You know what? I find it to be crass and cheap to bring a man's dead father into this. It's just so out of bounds.
How does Peter Gelzanis know what Steve Belichick would have thought of his son?
The relationship between a father and a son goes so much deeper than some media pinhead could ever portray. Especially THIS father and son, who shared a massive bond called "coaching football".
How do we know that is wasn't Steve Belichick who taught his son, "Do whatever it takes to win" and maybe the son just misinterpreted in this one case?
Maybe Steve Belichick taught young Bill to get whatever he could, wherever and whenver he could. We don't know.
We do know this:
Steve Belichick played and coached in an era when football was much more of a man's game, and when players and coaches were much tougher than the pampered prima donnas of today's game.
The men of Steve Belichick's era never would have whined the way Michael Strahan, LaDaintyass Tomlinson, Donovan McNabb, et al, are doing today.
They would take losses like men, go out and work hard to get better, and do their talking on the field.

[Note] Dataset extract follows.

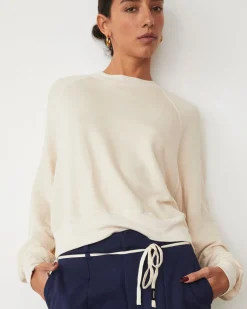 MONROW Softfleece Crop Crew Sweatshirt OFFWHITE Clearance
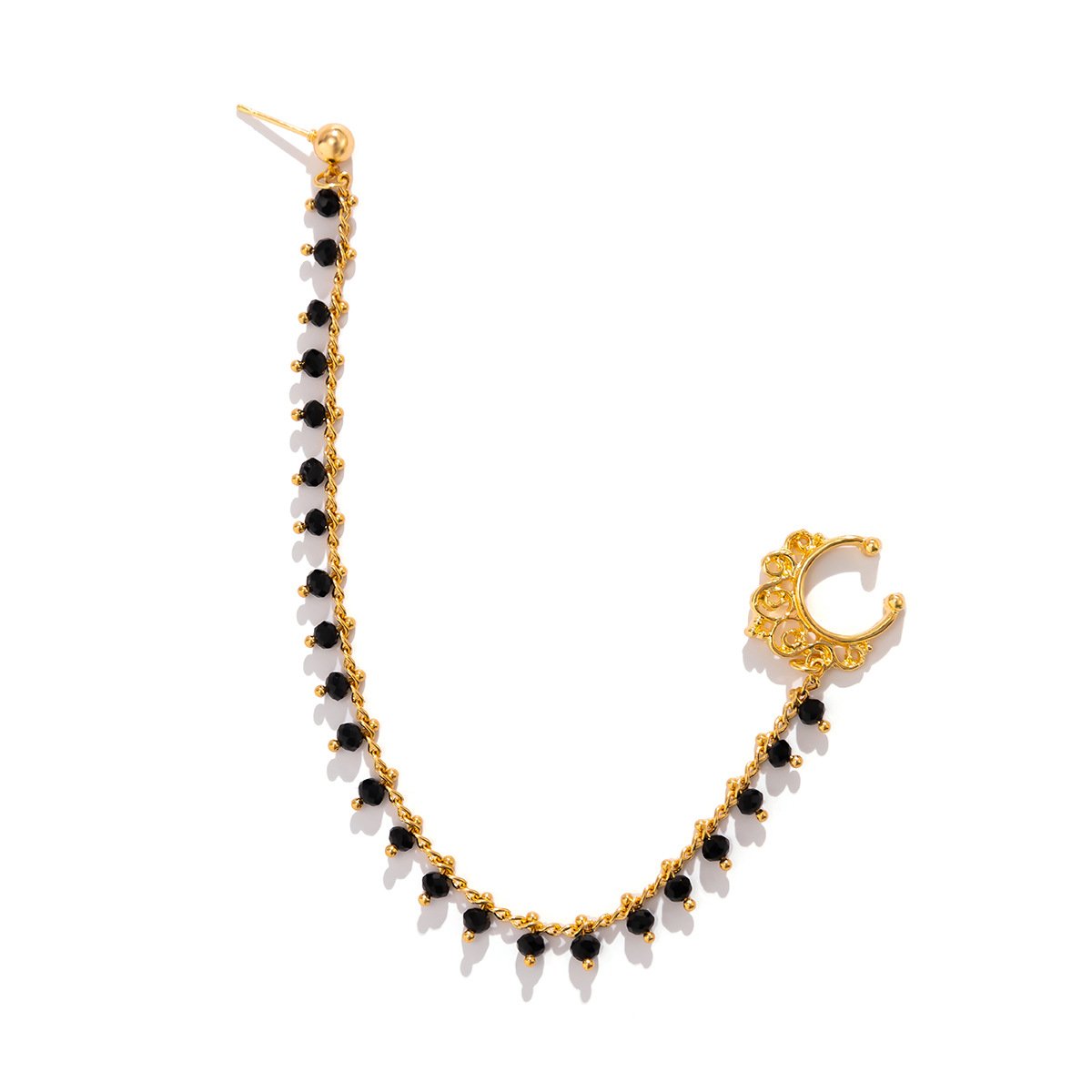 Jewelry unilateral metal hollow earrings national color imitation crystal tassel nose clip earrings women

And you know - you absolutely KNOW - that the men of Steve Belichick's era respected the sacred privelege of the coaching fraternity and would NEVER have violated it in the way Mangini has.
Can you picture Paul Brown, Tom Landry, Chuck Noll accusing a fellow coach of impropriety in public and sending his security guards to basically assault an employee on the other coach's staff?
Steve Belichick kust might want to wring Eric Mangini's fat neck, for all we know!
I didn't know Steve Mangini, but I believe I understand the men of his era.
My guess is THAT type of man stands by his son through thick and thin and if he does have a beef, he works out behind closed doors, as it should be done, not on the public stage with all the pencil necks from the media.